The ability to differentiate Stem Cells (SC) into functional pancreatic islets highlights new opportunities to address the tissue shortage for cell replacement therapies in diabetes. However, a barrier to the broad applicability of this approach across the human population is the variable efficiency of current protocols in controlling lineage biases and functional maturation of different SC lines, thereby yielding heterogeneous islet cell preparations containing variable proportions of endocrine and immature cell types. In this collaborative project, we propose to broaden the therapeutic potential of SC-based treatments by developing a new epigenetic approach to enhance the efficiency of islet tissue derivation from SCs. Our innovative approach will generate SC-derived pancreatic islets by activating, in a stepwise manner, key islet cell developmental and survival programs using Artificial Intelligence (AI)-designed mini-proteins (EpiBinders) capable of enforcing epigenetic regulation of select islets’ gene networks.
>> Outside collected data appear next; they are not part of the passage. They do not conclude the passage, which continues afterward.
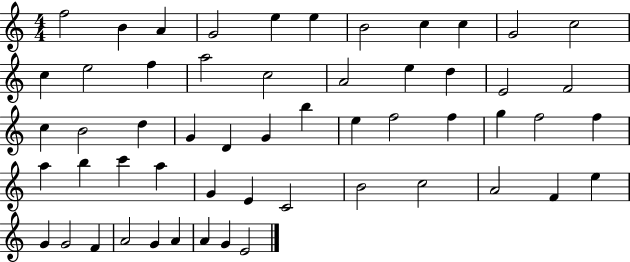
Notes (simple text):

F5/h B4/q A4/q G4/h E5/q E5/q B4/h C5/q C5/q G4/h C5/h C5/q E5/h F5/q A5/h C5/h A4/h E5/q D5/q E4/h F4/h C5/q B4/h D5/q G4/q D4/q G4/q B5/q E5/q F5/h F5/q G5/q F5/h F5/q A5/q B5/q C6/q A5/q G4/q E4/q C4/h B4/h C5/h A4/h F4/q E5/q G4/q G4/h F4/q A4/h G4/q A4/q A4/q G4/q E4/h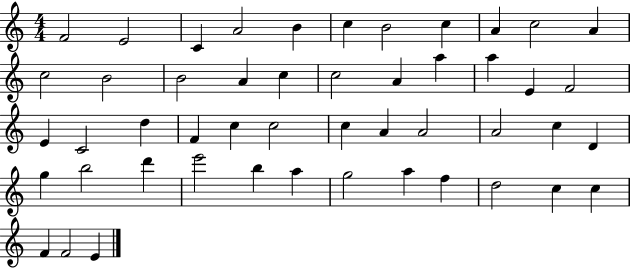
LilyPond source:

{
  \clef treble
  \numericTimeSignature
  \time 4/4
  \key c \major
  f'2 e'2 | c'4 a'2 b'4 | c''4 b'2 c''4 | a'4 c''2 a'4 | \break c''2 b'2 | b'2 a'4 c''4 | c''2 a'4 a''4 | a''4 e'4 f'2 | \break e'4 c'2 d''4 | f'4 c''4 c''2 | c''4 a'4 a'2 | a'2 c''4 d'4 | \break g''4 b''2 d'''4 | e'''2 b''4 a''4 | g''2 a''4 f''4 | d''2 c''4 c''4 | \break f'4 f'2 e'4 | \bar "|."
}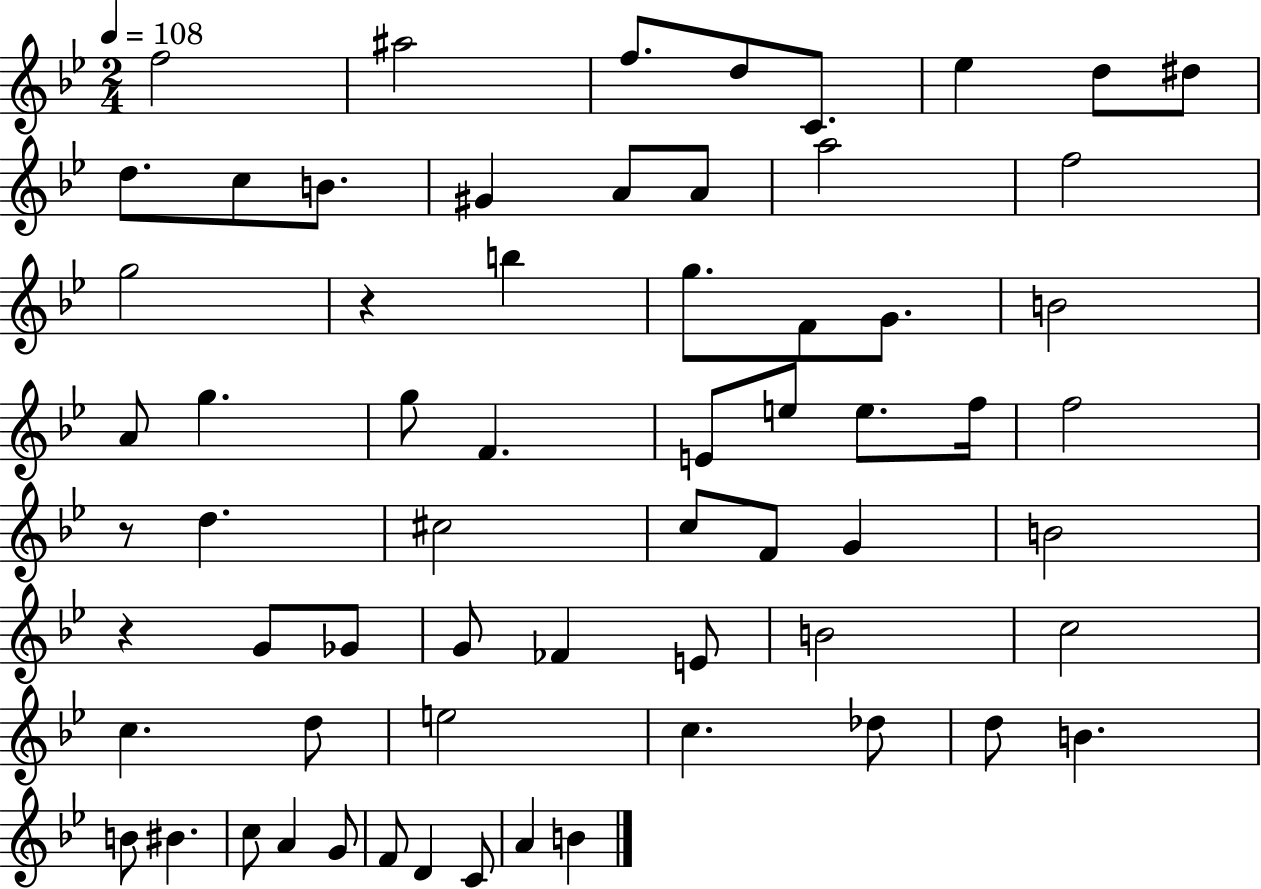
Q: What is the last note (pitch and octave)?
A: B4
In preliminary proof-of-principle studies, using newly developed reporter SC lines allowing live-monitoring of fate choices during differentiation, we provide evidence that transient targeting of an (AI)-designed mini-binder of the Polycomb Repressive Complex 2 (PRC2) fused to dCas9 (EBdCas9) to PDX1 and NGN3 promoters significantly accelerates the differentiation of SC lines into glucose-responsive islet -cells, increasing the yield and homogeneity of islet tissue from multiple SC clones. Building on these findings, our goals are to develop a pipeline of functionally validated AI-designed EpiBinders for epigenetic programming of SCs into islet tissue, establish protocols for EpiBinders’ delivery at select stages of SC differentiation, and validate their specificity and efficiency as drivers of islet cell development and function in multiple SC lines, both in vitro and in vivo in cell transplantation models. We anticipate that the new tools, knowledge, and resources developed through this interdisciplinary effort will significantly broaden the applicability of SC-based therapies for diabetes and for a wide range of degenerative diseases, while establishing impactful platforms that advance discovery and enable future innovation.